2) It doesn't spin at all - giving an app a chance to stay away from WaitForSingleObject on multithreaded systems will be a good boost to scalability under typical use. Win32 critical sections have a default spin count of 4000 on multithreaded systems. With multi-core getting more and more common I think this is an important aspect to consider.
Yes, it's worth considering. I would be intrigued to see what difference it made. I have a dual-core system and a single-core system, so I could see how it performed on both with/without spinning. Any ideas for how to construct a benchmark?
3) I don't like the lock(), unlock() etc member functions being public.. forcing scoped_lock is a great cheap idiom for exception safety and saving people from deadlocks. Even with scoped_lock also available - it isn't something found in other languages so I fear new developers will flock to using the simpler and more familiar public members instead.
Howard's proposal has them as public members, so that's what I implemented. I can see the arguments both ways. Making the functions private is easy, and what boost does already. There are certainly use cases where pure scoped locks get in the way. Anthony -- Anthony Williams Software Developer Just Software Solutions Ltd http://www.justsoftwaresolutions.co.uk

Anthony Williams wrote:
<snip >
"Cory Nelson" <phrosty@gmail.com> writes:
<snip>
3) I don't like the lock(), unlock() etc member functions being public.. forcing scoped_lock is a great cheap idiom for exception safety and saving people from deadlocks. Even with scoped_lock also available - it isn't something found in other languages so I fear new developers will flock to using the simpler and more familiar public members instead.
Howard's proposal has them as public members, so that's what I implemented.
I can see the arguments both ways. Making the functions private is easy, and what boost does already.
There are certainly use cases where pure scoped locks get in the way.
Hi, The idea is to make it somewhat difficult to use the functions directly but allow them when absolutely needed, yes? You could make them protected in which case they could be accessed if necessary simply with derivation + using. i.e. class manual_read_write_mutex : public read_write_mutex { public: using read_write_mutex::lock; using read_write_mutex::unlock; }; or is this too ugly? - Mike

Anthony Williams wrote:
"Cory Nelson" <phrosty@gmail.com> writes:
2) It doesn't spin at all - giving an app a chance to stay away from WaitForSingleObject on multithreaded systems will be a good boost to scalability under typical use.
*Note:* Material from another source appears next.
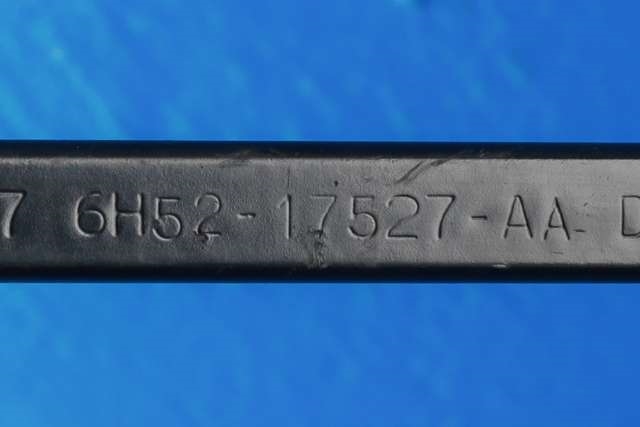Viskerarm frontrute høyre til Land Rover Freelander 2007-2014 (Type II) (LAND ROVER|6H52-17527-AA|)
Win32 critical sections have a default spin count of 4000 on multithreaded systems. With multi-core getting more and more common I think this is an important aspect to consider.
Yes, it's worth considering. I would be intrigued to see what difference it made. I have a dual-core system and a single-core system, so I could see how it performed on both with/without spinning. Any ideas for how to construct a benchmark?
I would advise against spinning. Spinning is a bit of a gamble; it may or may not be a win depending on several factors (average critical section length, spin count, whether other threads in ready state can make better use of the CPU time, context switch performance) and the optimal spin count is very application-dependent. It isn't a problem if the user gambles with his own money, so to speak, i.e. spins manually with try_lock. However it can be a problem if the implementation gambles with the user's money and loses, since there is no way to make it not spin. IOW, you can easily turn a non-spinning mutex into a spinning mutex, but not vice versa. It's true that spinning can improve the performance of the "average application" but you have to have data on that average application... and it still might be a loss for a specific application. In addition, spinning is more suitable for ordinary mutexes, since their critical sections are expected to be short, and hence the probability that a thread will spin while the thread holding the mutex is scheduled on the same core is low (a situation where spinning is a guaranteed loss.) A read-write mutex, on the other hand, can easily have a longer writer critical section that can span multiple quantums, and hence, it can be better for readers not to spin in order to get out of the writer's way as quickly as possible... since a sluggish writer can block many readers in a worst case scenario. It would be hard to determine the optimal spin count for the "average application" by using benchmarks... you don't know how to represent the average app in a benchmark. It could be possible if the optimal spin count stays relatively constant during varying scenarios, I guess...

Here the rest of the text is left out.